▶ [Data for review]
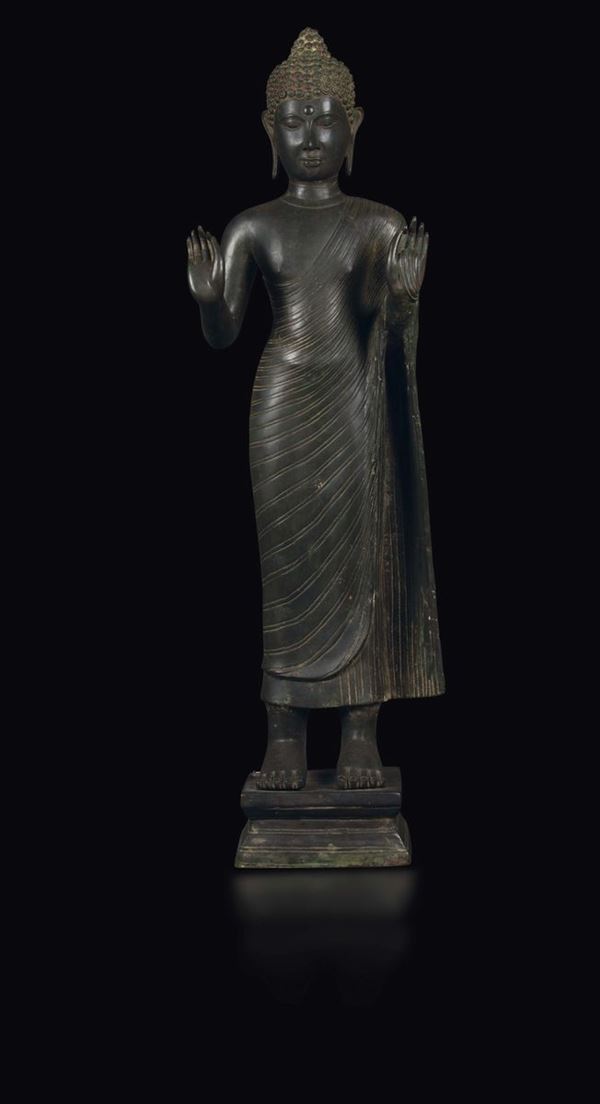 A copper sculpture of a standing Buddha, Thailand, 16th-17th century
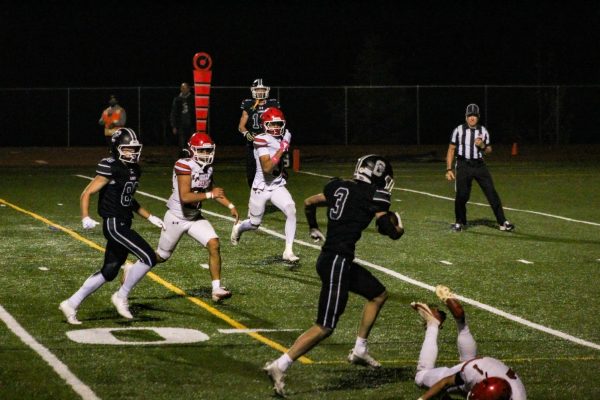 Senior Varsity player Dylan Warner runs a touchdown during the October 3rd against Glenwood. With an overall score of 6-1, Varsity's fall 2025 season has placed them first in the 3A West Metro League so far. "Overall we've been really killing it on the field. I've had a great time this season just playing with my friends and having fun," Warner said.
---
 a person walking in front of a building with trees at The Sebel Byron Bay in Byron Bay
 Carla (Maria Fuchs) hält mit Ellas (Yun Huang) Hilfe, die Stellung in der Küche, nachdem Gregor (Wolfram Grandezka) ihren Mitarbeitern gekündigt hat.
--
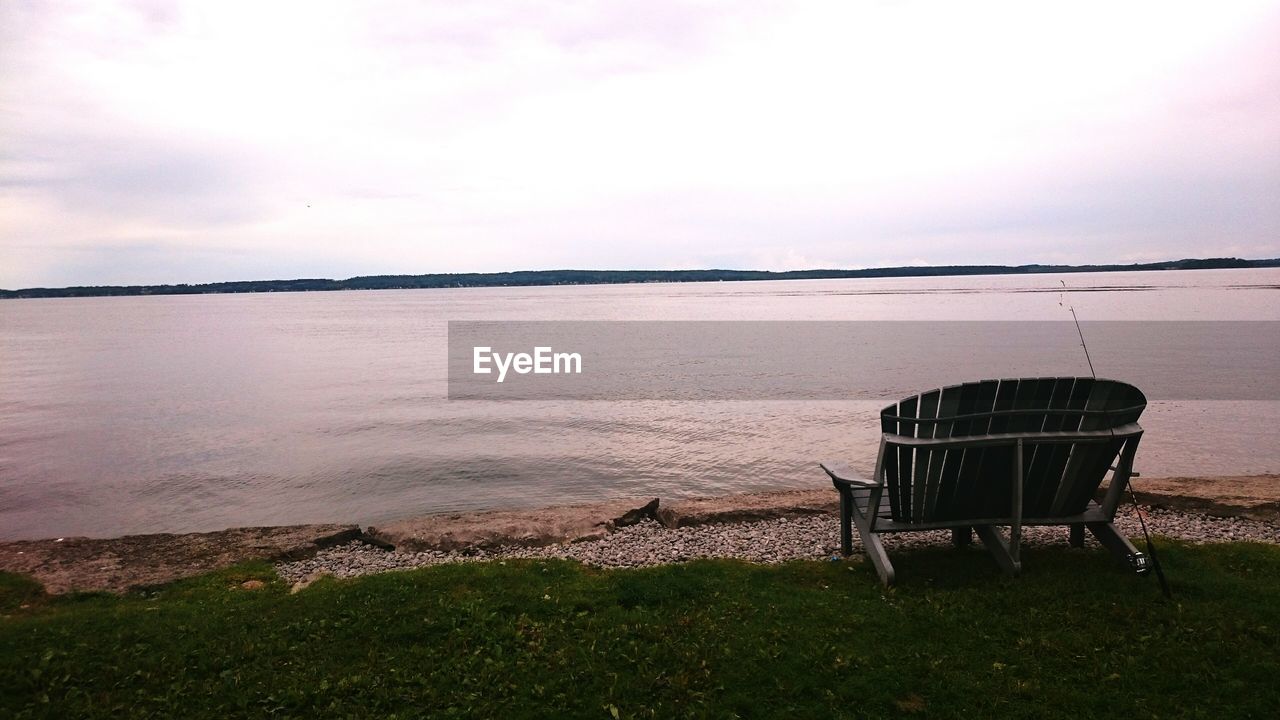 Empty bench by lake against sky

▶ [Task prompt]
In the listing above, find the line with "A copper sculpture" and the line with "Senior Varsity player". Transcribe those two and everything between, exactly, leaving out pictures.

▶ [Answer to this task]
 A copper sculpture of a standing Buddha, Thailand, 16th-17th century
 Senior Varsity player Dylan Warner runs a touchdown during the October 3rd against Glenwood. With an overall score of 6-1, Varsity's fall 2025 season has placed them first in the 3A West Metro League so far. "Overall we've been really killing it on the field. I've had a great time this season just playing with my friends and having fun," Warner said.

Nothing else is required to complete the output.